═══ SUPPLIED MATERIAL

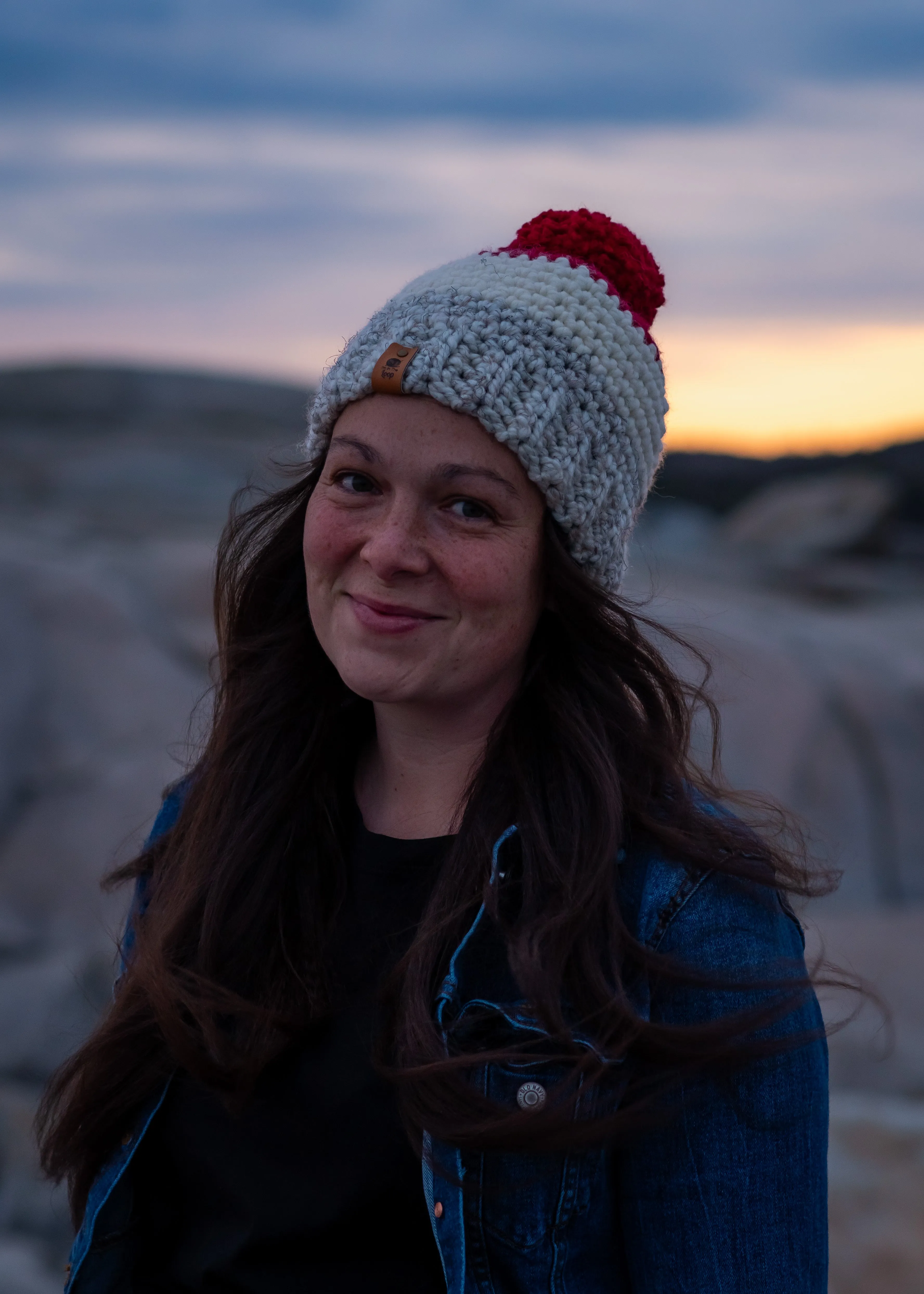 The Peggy's Cove Beanie.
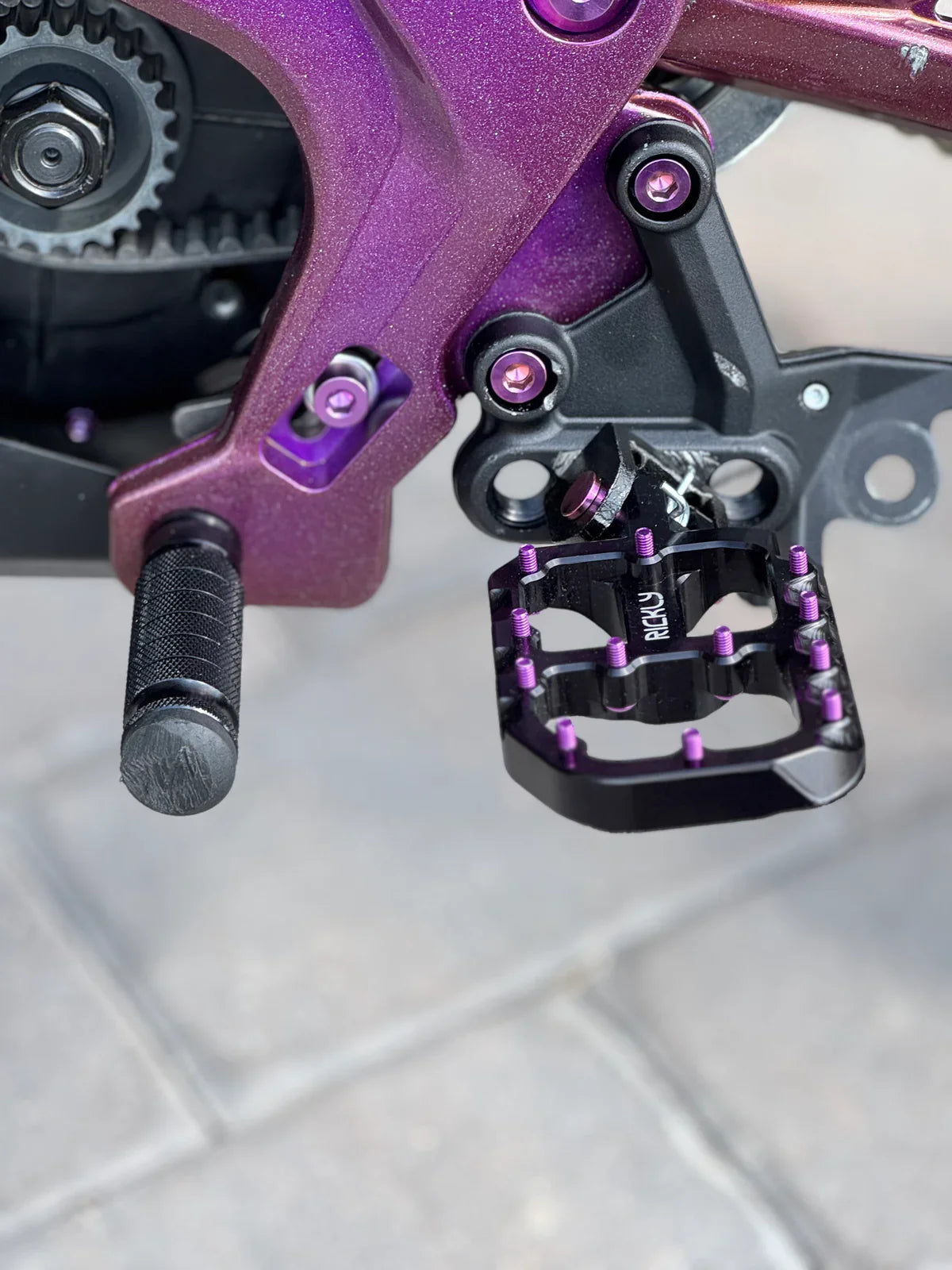 All E-Moto Shift Lock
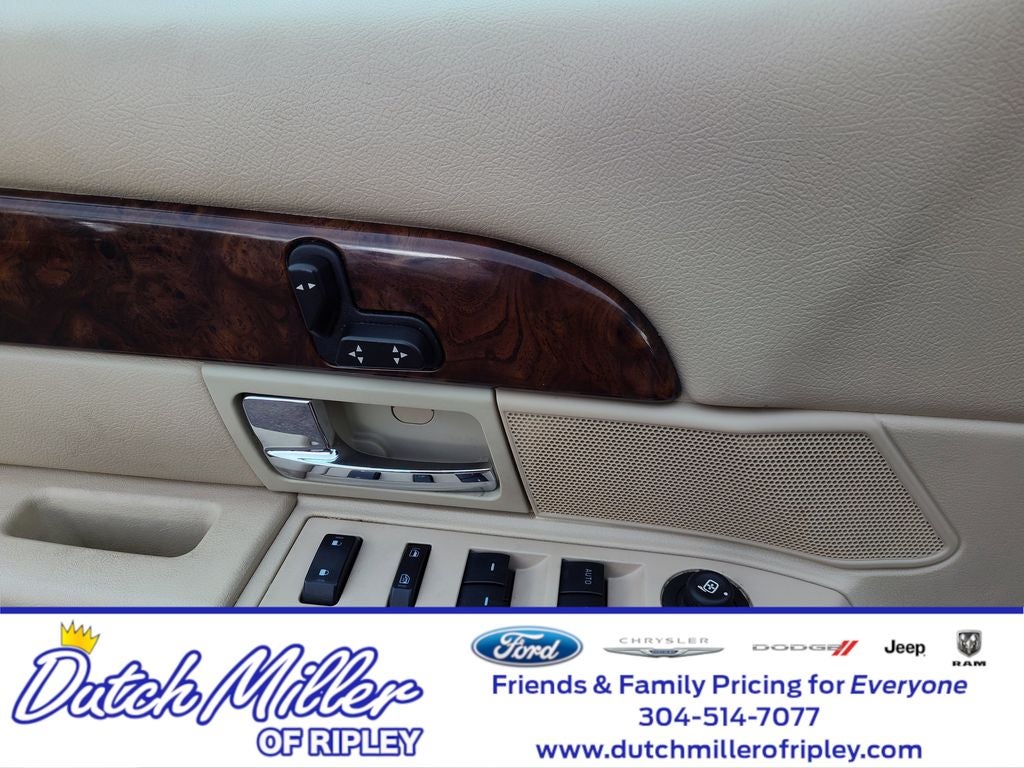 2009 Mercury Grand Marquis LS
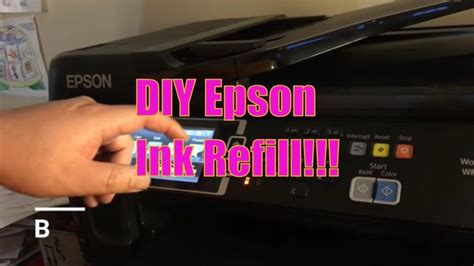 The Ultimate Guide to Refilling Epson Ink Cartridges: T252, T200, T273.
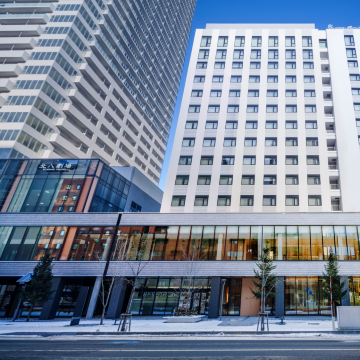 호텔 에미온 삿포로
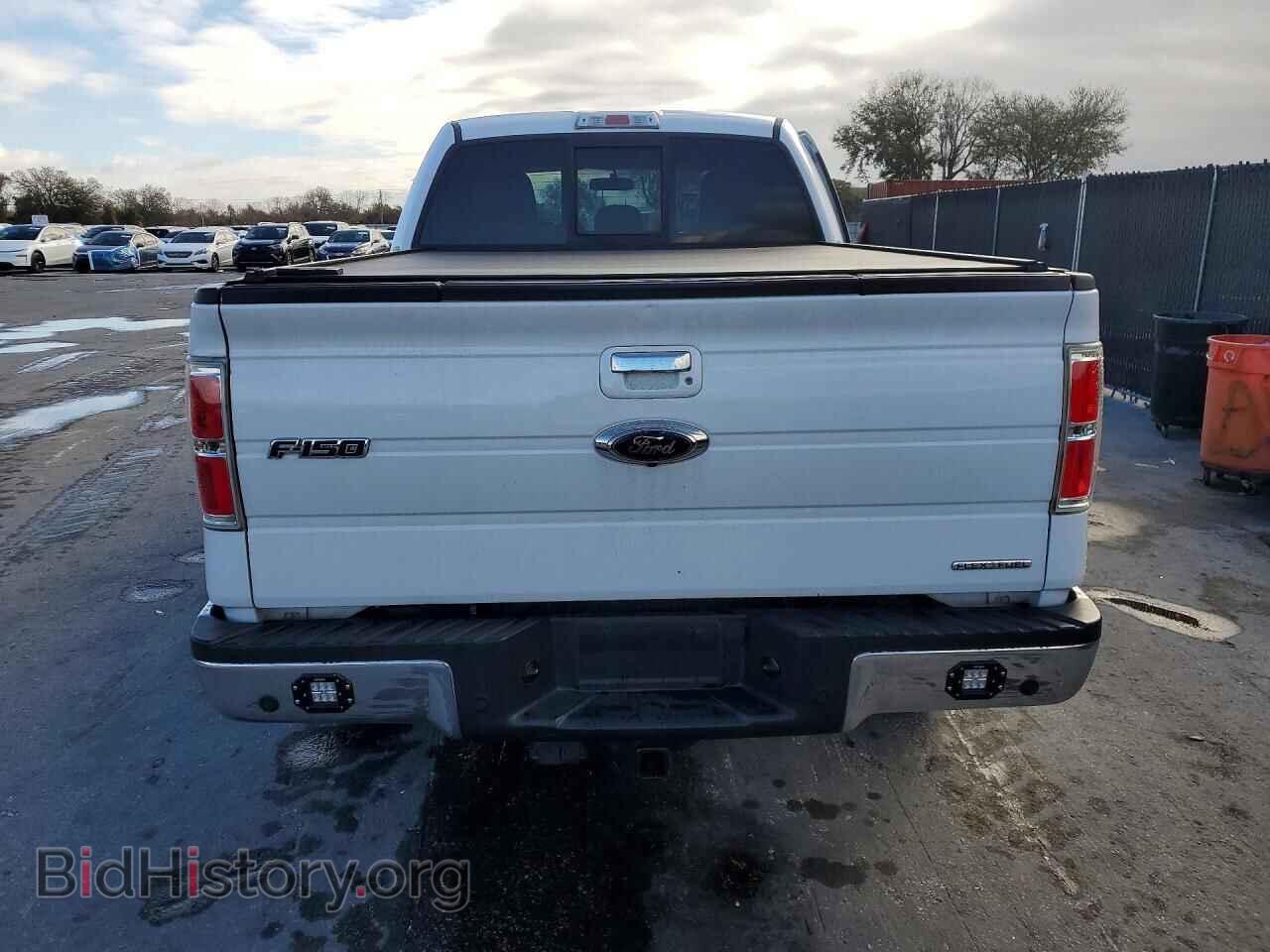 2013 FORD F-150 - VIN: 1FTFW1CF7DFC32788 - Фото 6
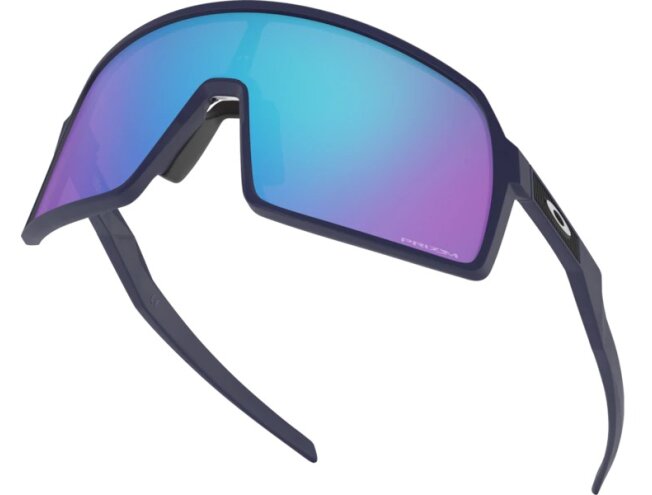 OAKLEY Sutro S Matte Navy Prizm Sapphire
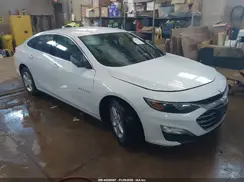 1G1ZC5ST7NF186619 2022 CHEVROLET MALIBU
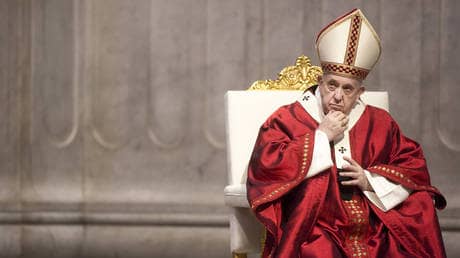 Pope Francis was a great man who committed one terrible failure in the end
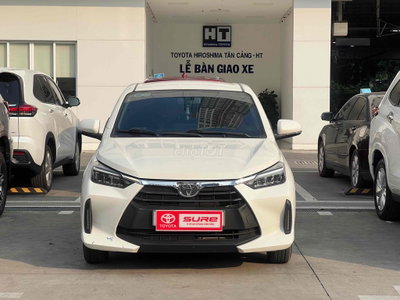 WIGO G 2024 chạy lướt 18.700km đẹp như mới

══════

EXERCISE OBJECTIVE:
The answer consists solely of the lines from the one holding "OAKLEY Sutro S Matte Navy Prizm Sapphire" through the last line of the entries above, set down verbatim, without any pictures.

RESPONSE:
 OAKLEY Sutro S Matte Navy Prizm Sapphire
 1G1ZC5ST7NF186619 2022 CHEVROLET MALIBU
 Pope Francis was a great man who committed one terrible failure in the end
 WIGO G 2024 chạy lướt 18.700km đẹp như mới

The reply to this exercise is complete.